2. The company's brochure makes the following statement: XXXXX.
3. Product A ingredients are: XXXXX.
4. Product A is supplied in powder format in a XXXXX g container.
5. Product A label states: XXXXX.
6. Product A label states: XXXXX.
7. Product B ingredients are: XXXXX.
8. Product B is in powder format and is supplied in a XXXXX g container.
9. Product B label states: XXXXX.
10. Product B label states that it is: XXXXX.
11. Product C ingredients are: XXXXX.
12. Product C is supplied in a XXXXX g container.
13. Product C label states: XXXXX.
14. Product C label states: XXXXX.
15. Product D ingredients are: XXXXX.
16. Product D is supplied in a XXXXX ml bottle.
17. Product D label states: XXXXX.
18. Product D label states: XXXXX.
19. Product E ingredients are: XXXXX.
20. Product E is labelled as XXXXX bar weighing XXXXX g and is available in XXXXX flavour.
21. Product E label states: XXXXX.
Ruling Requested
What is the GST/HST status of the products?
Ruling Given
Based on the facts set out above, we rule that the supply of Products A, B and E are taxable at 7% GST or 15% HST, as applicable, pursuant to section 165 of the Excise Tax Act (ETA). We rule that the supply of Products C and D are zero-rated pursuant to section 1 of Part III of Schedule VI to the Excise Tax Act.
This ruling is subject to the general limitations and qualifications outlined in section 1.4 of Chapter 1 of the GST/HST Memoranda Series. We are bound by this ruling provided that none of the above issues is currently under audit, objection, or appeal; that there are no relevant changes in the future to the Excise Tax Act (ETA), or to our interpretative policy; and that you have fully described all necessary facts and transaction(s) for which you requested a ruling.
Explanation
Taxable supplies of goods and services made in Canada are generally subject to tax at 7% GST or 15% HST, as applicable.

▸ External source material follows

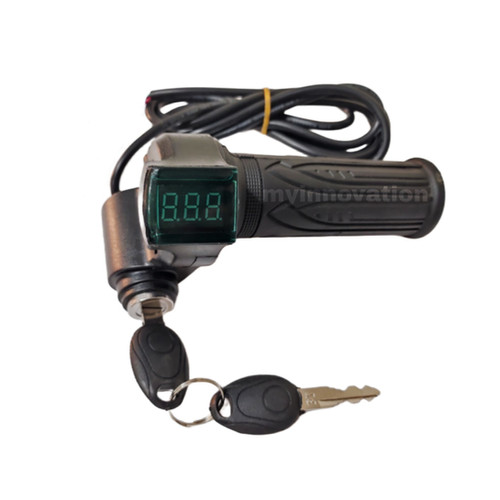 24Volt Electric Cycle Digital Display Thottle with Lock Key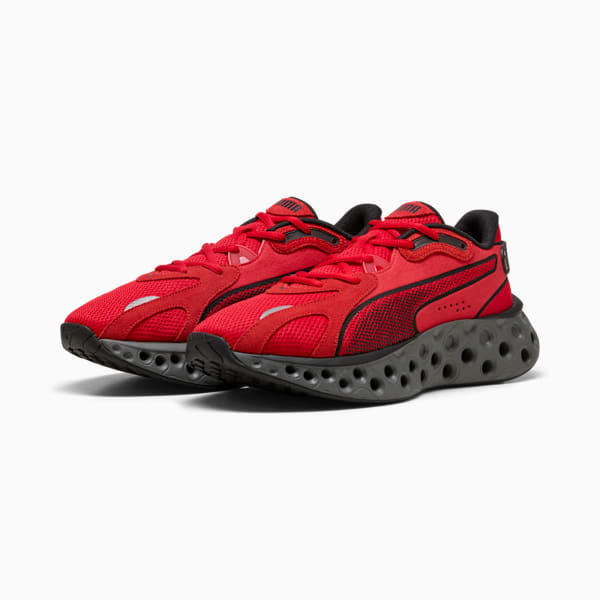 Tenis de running SOFTRIDE Frequence, For All Time Red-PUMA Black-Cool Dark Gray, large-MEX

However, "zero-rated" supplies of goods and services are subject to tax at 0%. A zero-rated supply is any supply included in Schedule VI to the ETA.
Section 1 of Part III of Schedule VI to the ETA zero-rates supplies of food or beverages for human consumption (including sweetening agents, seasonings and other ingredients to be mixed with or used in the preparation of such food or beverages) unless one of the exclusions set out in paragraphs 1(a) through 1(r) applies.
The terms "food" and "beverage" are not defined in the ETA. However, the position of the Canada Revenue Agency (CRA) is that these terms are to be construed according to their ordinary meaning. That is, a food or a beverage is a good that an average consumer would recognize and purchase as such in the ordinary course of buying basic groceries. Products that meet special dietary needs of certain segments of the population such as those with restricted or special purpose diets, high performance athletes and dieters may not necessarily be viewed as a food or a beverage.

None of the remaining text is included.